语音识别DTW的0-9数字语音识别matlab源码

Posted 2021-06-27 博主QQ2449341593

一、简介

1 DTW原理
动态时间规整DTW是一个典型的优化问题，它用满足一定条件的的时间规整函数W(n)描述测试模板和参考模板的时间对应关系，求解两模板匹配时累计距离最小所对应的规整函数。

假设我们有两个时间序列Q和C，他们的长度分别是n和m：（实际语音匹配运用中，一个序列为参考模板，一个序列为测试模板，序列中的每个点的值为语音序列中每一帧的特征值。例如语音序列Q共有n帧，第i帧的特征值（一个数或者一个向量）是qi。至于取什么特征，在这里不影响DTW的讨论。我们需要的是匹配这两个语音序列的相似性，以达到识别我们的测试语音是哪个词）

Q = q1, q2,…,qi,…, qn ;

C = c1, c2,…, cj,…, cm ;

如果n=m，那么就用不着折腾了，直接计算两个序列的距离就好了。但如果n不等于m我 们就需要对齐。最简单的对齐方式就是线性缩放了。把短的序列线性放大到和长序列一样的长度再比较，或者把长的线性缩短到和短序列一样的长度再比较。但是这 样的计算没有考虑到语音中各个段在不同情况下的持续时间会产生或长或短的变化，因此识别效果不可能最佳。因此更多的是采用动态规划（dynamic programming）的方法。
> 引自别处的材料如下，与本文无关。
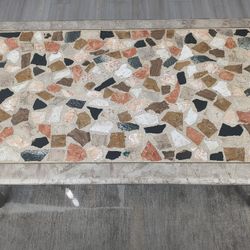 Coffee  And End Table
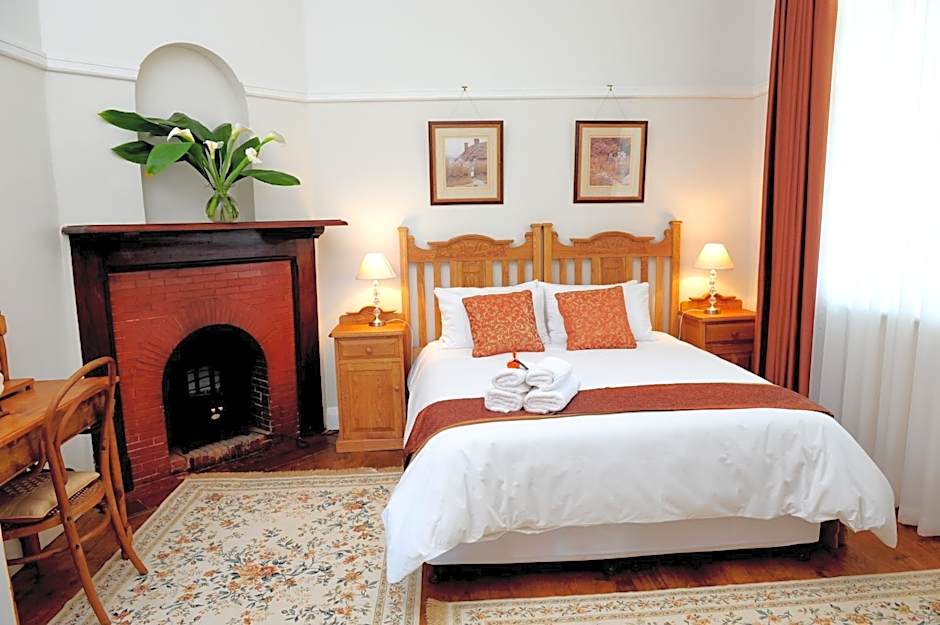 Excelsior Manor Guesthouse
为了对齐这两个序列，我们需要构造一个n x m的矩阵网格，矩阵元素(i, j)表示qi和cj两个点的距离d(qi, cj)（也就是序列Q的每一个点和C的每一个点之间的相似度，距离越小则相似度越高。这里先不管顺序），一般采用欧式距离，d(qi, cj)= (qi-cj)2（也可以理解为失真度）。每一个矩阵元素(i, j)表示点qi和cj的对齐。DP算法可以归结为寻找一条通过此网格中若干格点的路径，路径通过的格点即为两个序列进行计算的对齐的点。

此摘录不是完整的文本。